+++ DATA TO EXAMINE

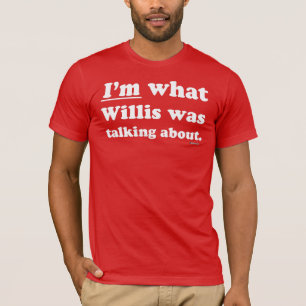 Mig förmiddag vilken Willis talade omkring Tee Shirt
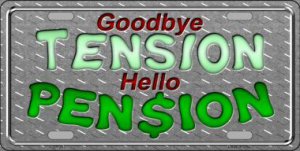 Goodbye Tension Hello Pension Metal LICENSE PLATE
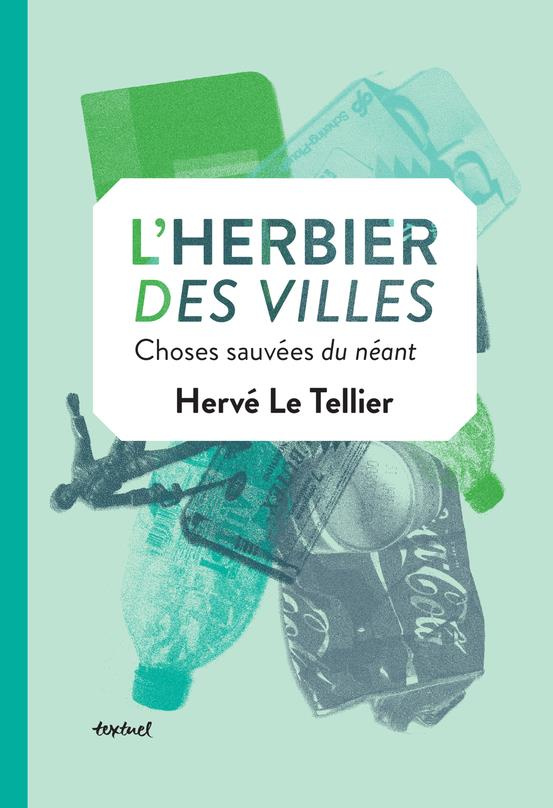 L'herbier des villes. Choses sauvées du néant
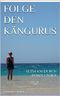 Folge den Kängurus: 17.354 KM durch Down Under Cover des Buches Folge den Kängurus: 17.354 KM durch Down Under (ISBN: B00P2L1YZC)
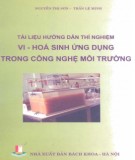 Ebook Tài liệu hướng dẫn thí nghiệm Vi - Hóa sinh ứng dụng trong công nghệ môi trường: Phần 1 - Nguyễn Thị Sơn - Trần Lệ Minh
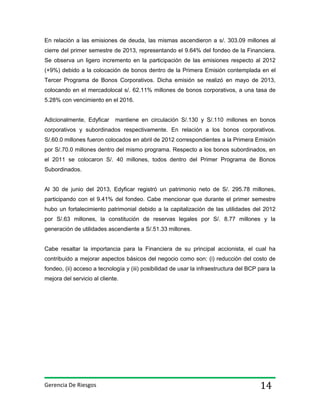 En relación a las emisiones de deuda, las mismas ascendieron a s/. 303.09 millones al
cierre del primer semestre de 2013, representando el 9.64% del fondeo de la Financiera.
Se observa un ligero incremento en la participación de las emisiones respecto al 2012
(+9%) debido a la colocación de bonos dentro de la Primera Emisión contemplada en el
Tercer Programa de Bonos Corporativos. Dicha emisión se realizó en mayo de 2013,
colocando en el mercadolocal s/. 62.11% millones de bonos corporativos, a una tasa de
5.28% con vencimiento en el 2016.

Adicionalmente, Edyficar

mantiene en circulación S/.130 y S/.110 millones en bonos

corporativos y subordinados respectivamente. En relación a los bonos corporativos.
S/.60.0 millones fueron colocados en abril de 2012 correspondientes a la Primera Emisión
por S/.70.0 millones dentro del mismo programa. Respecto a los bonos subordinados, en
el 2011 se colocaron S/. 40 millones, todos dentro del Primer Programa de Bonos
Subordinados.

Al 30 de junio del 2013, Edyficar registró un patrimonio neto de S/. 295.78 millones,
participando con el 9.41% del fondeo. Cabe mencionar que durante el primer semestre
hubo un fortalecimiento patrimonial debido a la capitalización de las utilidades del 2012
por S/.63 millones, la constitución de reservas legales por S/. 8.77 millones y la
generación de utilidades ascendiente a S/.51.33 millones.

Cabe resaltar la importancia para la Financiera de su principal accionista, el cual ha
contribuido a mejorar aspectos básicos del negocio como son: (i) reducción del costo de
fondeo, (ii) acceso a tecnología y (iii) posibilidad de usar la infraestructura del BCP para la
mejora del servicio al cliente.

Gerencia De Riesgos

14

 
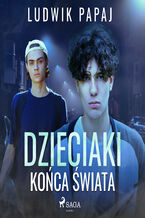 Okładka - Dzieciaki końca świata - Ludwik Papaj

++++++
+++ DATA TO EXAMINE

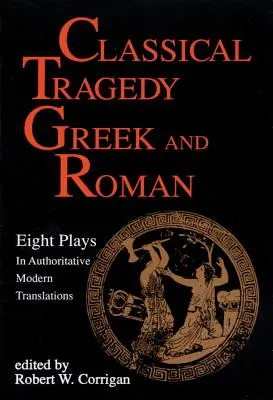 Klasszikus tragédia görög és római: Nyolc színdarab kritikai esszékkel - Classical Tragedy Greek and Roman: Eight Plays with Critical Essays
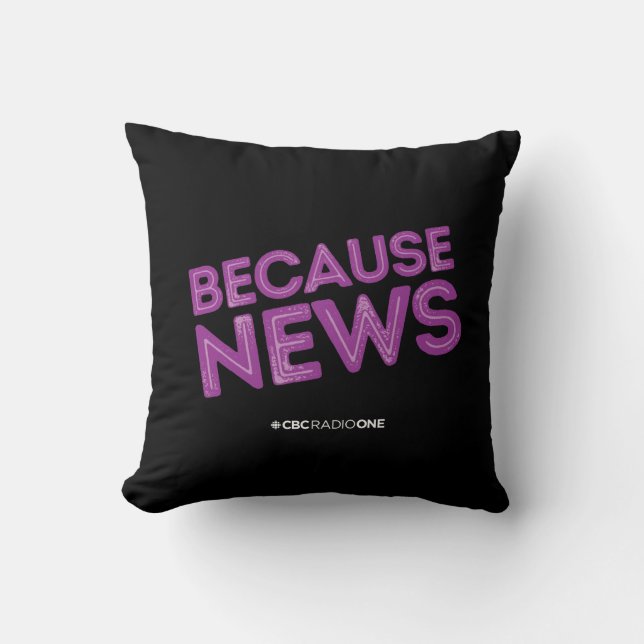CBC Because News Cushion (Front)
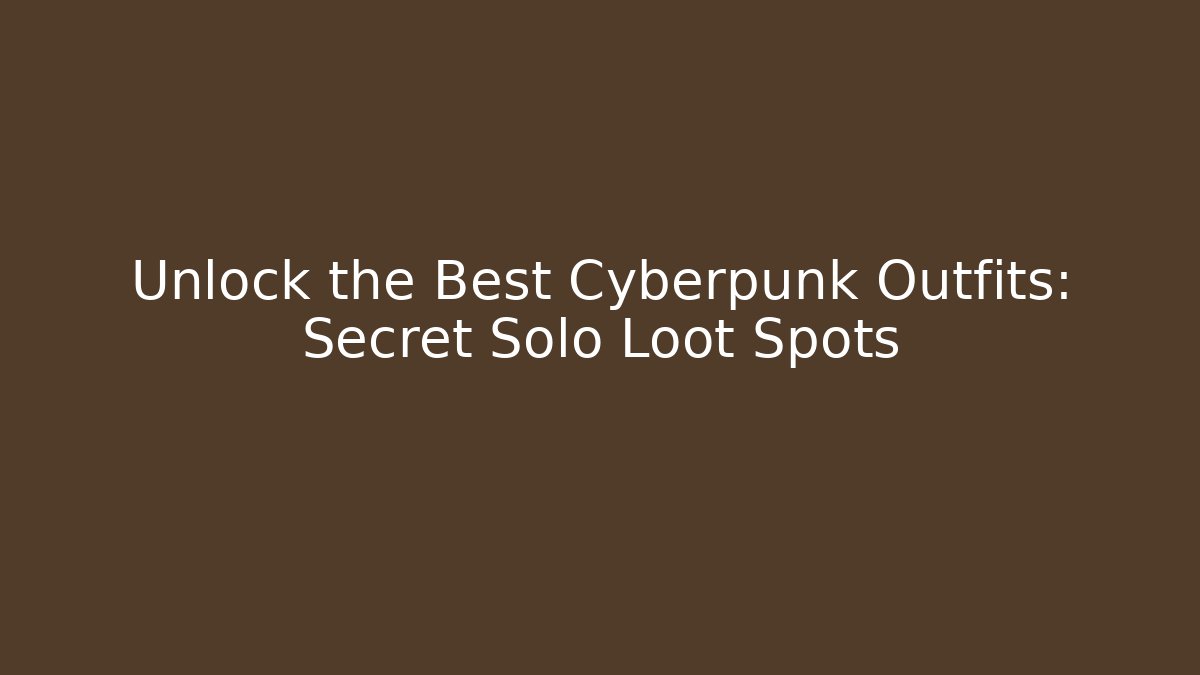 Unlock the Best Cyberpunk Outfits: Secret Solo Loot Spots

++++++
+++ DATA TO EXAMINE

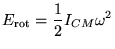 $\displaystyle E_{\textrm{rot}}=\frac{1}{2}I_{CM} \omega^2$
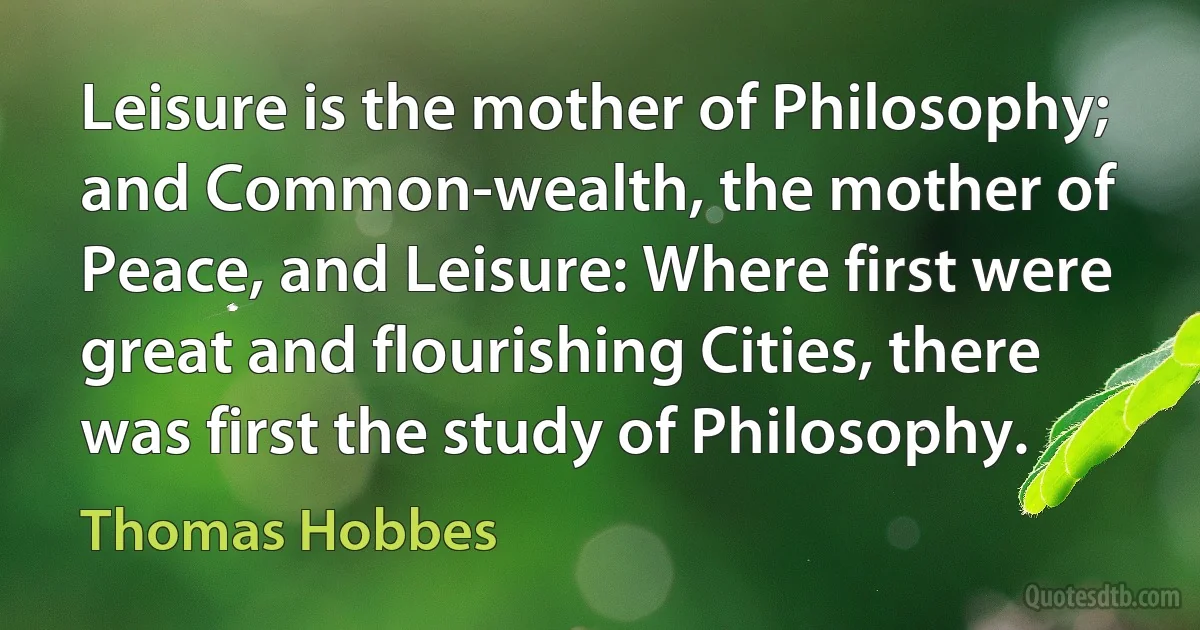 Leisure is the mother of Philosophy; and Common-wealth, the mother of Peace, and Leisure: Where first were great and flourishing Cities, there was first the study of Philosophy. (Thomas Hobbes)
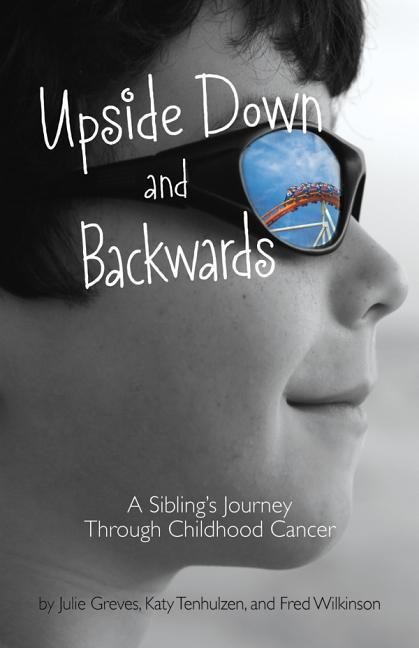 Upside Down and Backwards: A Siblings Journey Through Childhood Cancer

++++++

* _WHAT THE EXERCISE ASKS_
Print nothing but the lines above starting with the line that contains "por S/.70.0 millones" and going on through the line that contains "Okładka - Dzieciaki". Leave out the pictures.

* _SOLVED PROBLEM_
por S/.70.0 millones dentro del mismo programa. Respecto a los bonos subordinados, en
el 2011 se colocaron S/. 40 millones, todos dentro del Primer Programa de Bonos
Subordinados.

Al 30 de junio del 2013, Edyficar registró un patrimonio neto de S/. 295.78 millones,
participando con el 9.41% del fondeo. Cabe mencionar que durante el primer semestre
hubo un fortalecimiento patrimonial debido a la capitalización de las utilidades del 2012
por S/.63 millones, la constitución de reservas legales por S/. 8.77 millones y la
generación de utilidades ascendiente a S/.51.33 millones.

Cabe resaltar la importancia para la Financiera de su principal accionista, el cual ha
contribuido a mejorar aspectos básicos del negocio como son: (i) reducción del costo de
fondeo, (ii) acceso a tecnología y (iii) posibilidad de usar la infraestructura del BCP para la
mejora del servicio al cliente.

Gerencia De Riesgos

14

 
 Okładka - Dzieciaki końca świata - Ludwik Papaj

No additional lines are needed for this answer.